As a career coach, I work with people facing massive transitions and hard choices every day. One of the biggest questions seems to be: “When does it make sense to take a step back or even to the side?”
Perfect example: A former client of mine (we’ll call him Scott) had worked for years in the local talk radio industry—a dying field if ever there was one. The opportunities for growth were limited and the potential for achieving his long-term financial goals nearly impossible. His passion for the work was waning as well. At the ripe young age of 40, he was re-evaluating his options.
While Scott certainly had a wide variety of transferrable skills and a track record of success, a new career path was just that—NEW. He would be starting over to some extent. He knew his salary could not be matched immediately. He knew he’d have to “pay his dues” and “learn the ropes” in any new field.

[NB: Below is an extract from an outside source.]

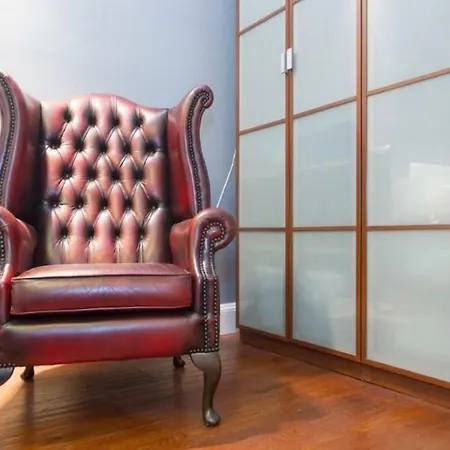 Amazing & Spacious Apt In Centrale شقة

However, Scott also knew his new chosen field offered opportunities not available in the talk radio world. While his current industry was shrinking, the new one was expanding by leaps and bounds. There were exciting developments happening and, with the right company, he knew his earning potential would far exceed his current income. It almost certainly wouldn’t happen right away, but he was willing and able to make sacrifices in the short-term for long-term rewards.
This is just one example of a time when I’ve seen someone take a step back to go forward. It’s difficult, but it makes sense for many.
At times, it may also make sense to move laterally—accepting a position that isn’t really a step up or a step down, but one that offers future potential that is uniquely different from your current path.
When to Make a Lateral Career Move
So, the question remains: When do these moves make sense?
The answer isn’t simple. It makes sense when the path you’re on is no longer the right one to reach your goals. Whether it provides more satisfaction, greater opportunity or increased earning potential, the other road has something you simply can’t get where you are currently or where you will wind up if you stay on that path.
These moves require sacrifice in the short-run, so it’s important to do your due diligence and make sure it’s worthwhile.
If you are changing industries, you’re move will require commitment. The payoff typically happens years down the line. It’s not about immediate gratification; it’s about the long-term goal.
If you’re considering such a move, carefully weigh the pros and cons. What will be lost and what will be gained? Is that a fair trade for you and your family?
The traditional corporate ladder model is outdated. Very few people experience consistent forward progression along the same career path these days. Twists and turns not only make it more interesting but, if you plan wisely, they can make it more satisfying too.